Rating agency Standard & Poor’s expects that the Federal Reserve will begin exiting its very low interest rate policy in the second quarter of next year, but predicts that the wind-down of its monthly bond purchase program before then will cause developing nations to experience “episodes of instability.”

The Fed’s policymaking Federal Open Market Committee has trimmed the asset purchase program by $10 billion at each of its last three meetings, and S&P said in a report Wednesday that “the Fed will continue tapering its program throughout 2014, possibly ending it by October. At that point, the Fed is likely to start normalizing U.S. monetary policy through interest rate increases by the second quarter of 2015.”

The initial announcement and then implementation of the tapering process last year sparked bouts of volatility in emerging market economies as investors began to withdraw their capital. “While our base-case scenario assumes that the Fed’s gradual removal of unconventional monetary support won’t derail the economic recovery in developed countries, we expect emerging markets to experience episodes of instability,” S&P said.

In particular, “We expect QE tapering to hit some emerging markets’ banking systems either directly due to reduced global liquidity or indirectly through lower economic growth,” the firm’s analysts wrote.

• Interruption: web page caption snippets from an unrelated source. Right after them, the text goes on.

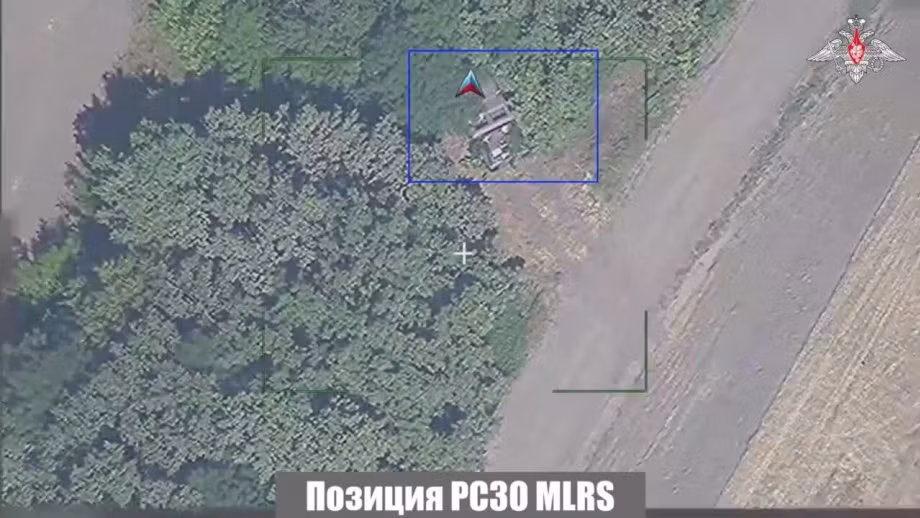 Còn ấn phẩm Newsweek của Mỹ dẫn nguồn tin viết rằng, chính quyền Joe Biden cực kỳ không hài lòng với quyết định của ông Trump, ngăn chặn các cuộc tấn công ATACMS vào lãnh thổ Nga. Tuy nhiên, ông Biden không thể làm được gì nữa, khi toàn bộ chính quyền của ông sẽ bị bãi nhiệm, bao gồm cả những cố vấn thân cận đưa ra quyết định “chọc tức” Moscow.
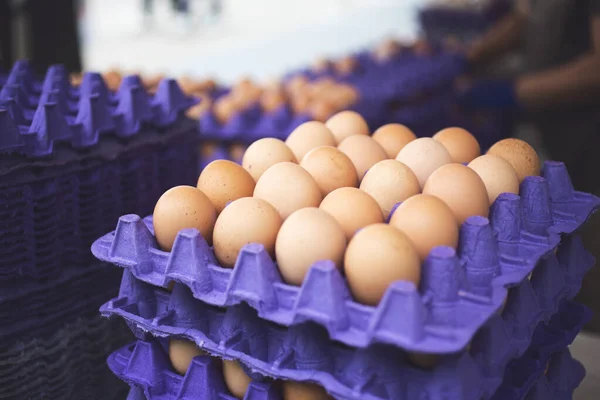Ein Blick Auf Mehrere Stapel Frischer Eier Die Auf Einem — Stockfoto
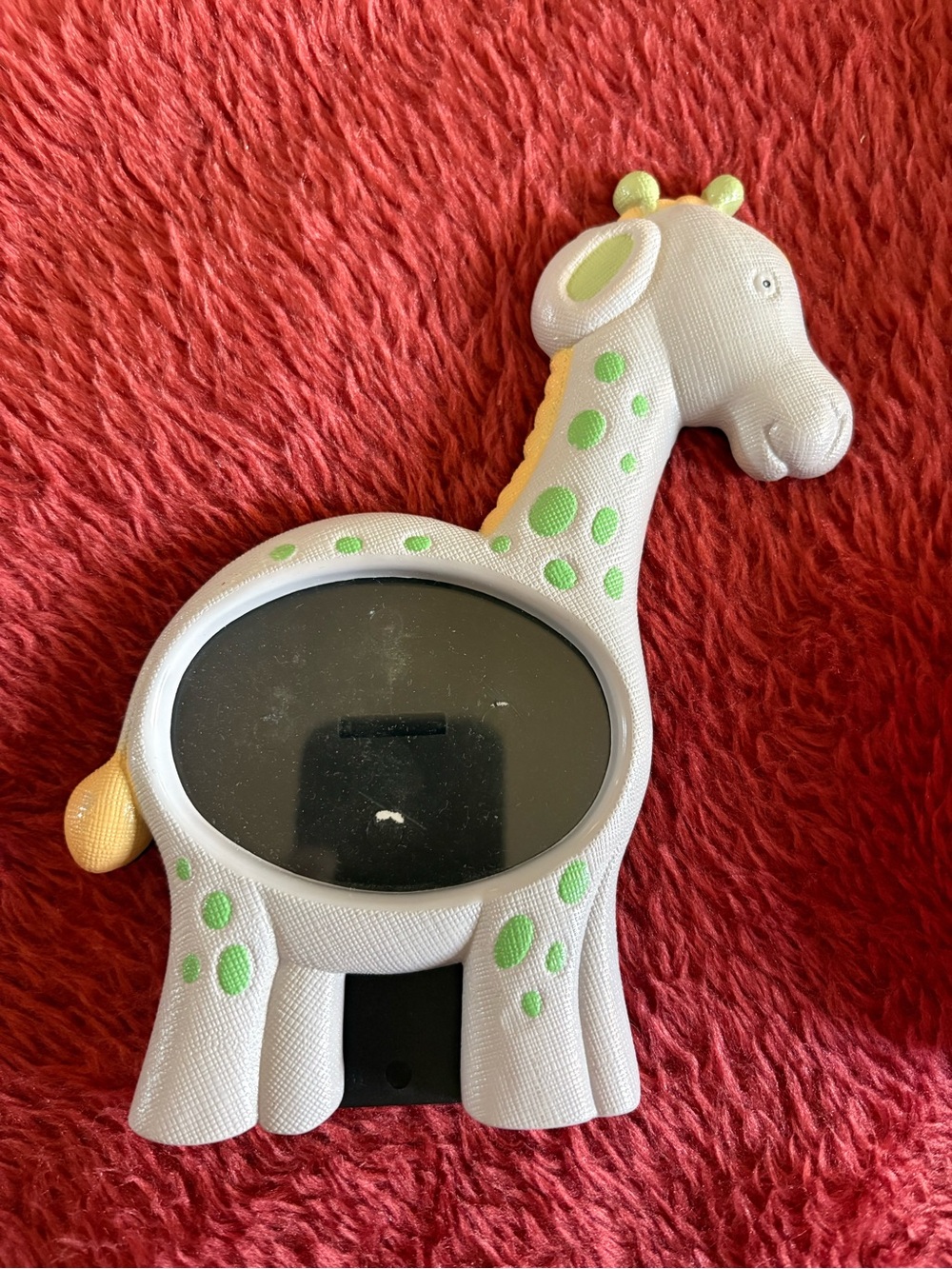Free with purchase - Plastic Giraffe Baby Picture Frame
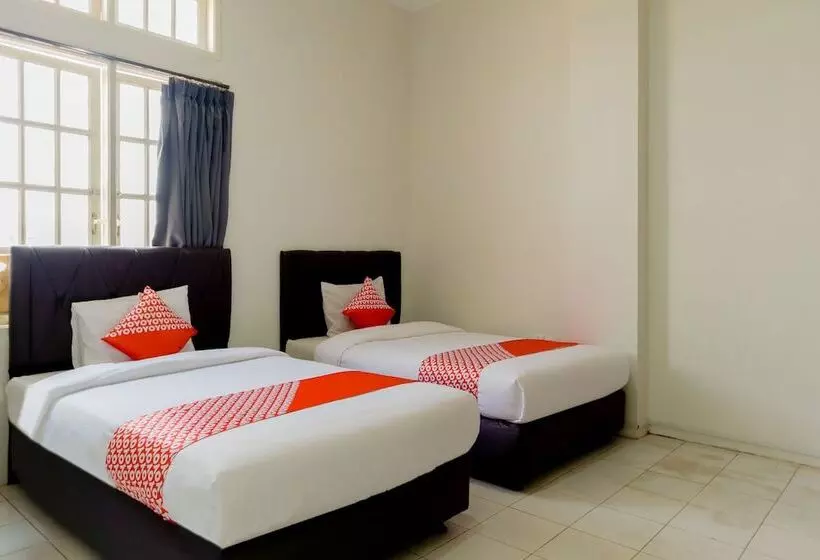 ホテル OYO 1111 Pasar Baru Inn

The gauge what the impact of the Fed’s tapering would be on banks in emerging markets, the report examined seven countries – Brazil, India, Indonesia, Peru, South Africa, and Turkey. “We selected these countries because of the external vulnerabilities of some of them, and recent trends in market indicators such as foreign exchange rates and the cost of refinancing of banks’ external debt,” it said.

S&P said banking systems can feel the impact of the Fed’s tapering directly through more limited access to external funding or through increasing costs to refinance external debt.

Central banks in some countries, such as Turkey, have been forced to hike interest rates to counter the fall in their currency, and S&P said this could also impact banks, “due to currency depreciation and lower capital inflows through the financial account of their balance of payments, which may weigh on economic growth. That, in turn, could hurt asset quality and profitability.

The result of the S&P analysts’ study is that the banking systems in Turkey and South Africa are “the most vulnerable.” Tapering is likely to increase the cost of funding for Turkish banks, the report said. For the large Turkish banks rated by S&P, the firm is projecting credit losses to increase to around 1.5% to 2% in 2014 and 2015, with average nonperforming loans up to around 4% to 5%, vs. 2.8% on March 31, 2014.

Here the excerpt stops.